Oleh: Muhammad Subarkah, Jurnalis Republika
Senin kemarin sebenarnya diam-diam ada diskusi buku yang penting terkait soal peristiwa tragedi G30S PKI 1965. pembahasan ini sangat menarik karena terkait keterlibatan pemimpin negara asing (China), Mao Zedong, atas tragedi itu. Apalagi sampai sekarang soal ini masih mengambang. Kebenaran atas hubungan Ketua Umum PKI dan ‘Paman Mao’ atas kasus itu tak jelas. Selama ini hubungan keduanya hanya sekedar menjadi desas-desus.
Dalam diskusi yang diberitakan Republika.co.id buku berjudul "Revolusi, Diplomasi, Diaspora: Indonesia, Tiongkok dan Etnik Tionghoa 1945-1947" karya Taomo Zhou ternyata termuat cuplikan dialog antara pentolan PKI DN Aidit dan tokoh komunis, sekaligus pendiri Republik Rakyat China, Mao Zedong. Demikian disampaikan Prof Dewi Fortuna Anwar saat bedah buku itu, di Jakarta, Senin (29/7).
"Yang menarik dari buku ini adalah transkrip dari percakapan Mao Zedong dengan Aidit pada tanggal 5 Agustus," katanya. Dewi Fortuna dihadirkan bersama Prof Asvi Warman Adam dan Johanes Herliyanto untuk membedah buku setebal 526 halaman itu.
Transkrip percakapan kedua sosok itu dihadirkan pada bab delapan yang mengangkat sub judul Tiongkok dan Gerakan 30 September, khususnya halaman 362-363 buku itu, dibuka dengan pertanyaan Mao Zedong.
Dari catatan di buku, transkrip percakapan itu bersumber dari arsip pusat Partai Komunis China, tertanggal 5 Agustus 1965.

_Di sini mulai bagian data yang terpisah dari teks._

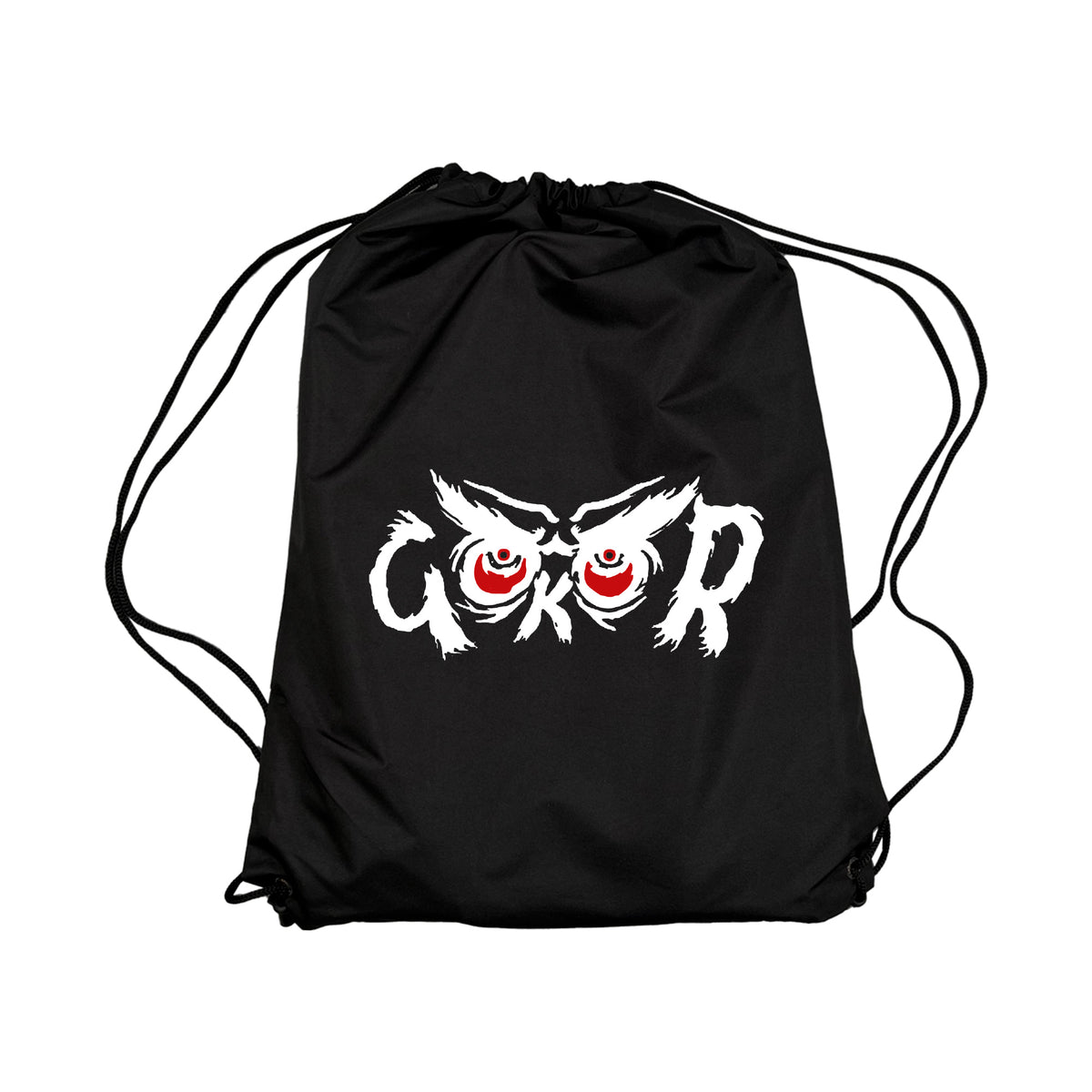 Hayastan Grappling Academy Drawstring Bags #8188 B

Menurut Dewi Fortuna, pembahasan dalam buku yang dilengkapi dengan transkrip percakapan Aidit dengan Mao Zedong itu menunjukkan bahwa Beijing tidak terlibat langsung dengan G30S/PKI.
"Tetapi, bukan berarti Beijing tidak mendukung upaya PKI suatu saat untuk merebut kekuasaan, baik melalui jalan partai atau jalan revolusioner," katanya.

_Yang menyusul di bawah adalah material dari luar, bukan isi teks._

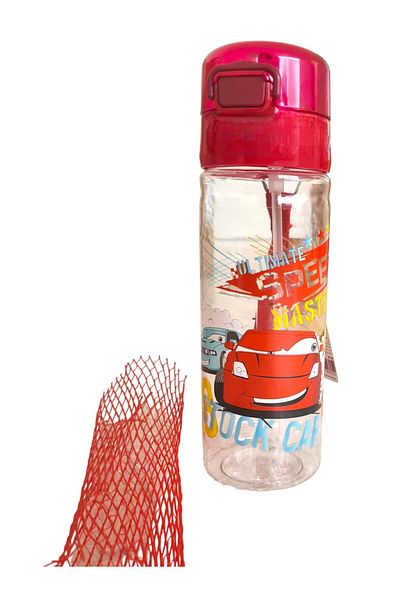 Tuffex 500ML Flask PipeTLi Solo TP705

Sementara itu, Prof A Dahana selaku penerjemah ahli buku itu mengakui buku tersebut merupakan yang pertama mengungkapkan secara langsung percakapan antara Aidit dengan Mao Zedong.
"Dari percakapan ini membuktikan bahwa Aidit mengatakan akan melakukan tindakan yang kemudian menjadi G30S/PKI. Mao mendukung, tapi Mao tidak pernah tahu kapan Aidit akan melakukan itu. Itu menurut buku ini," katanya.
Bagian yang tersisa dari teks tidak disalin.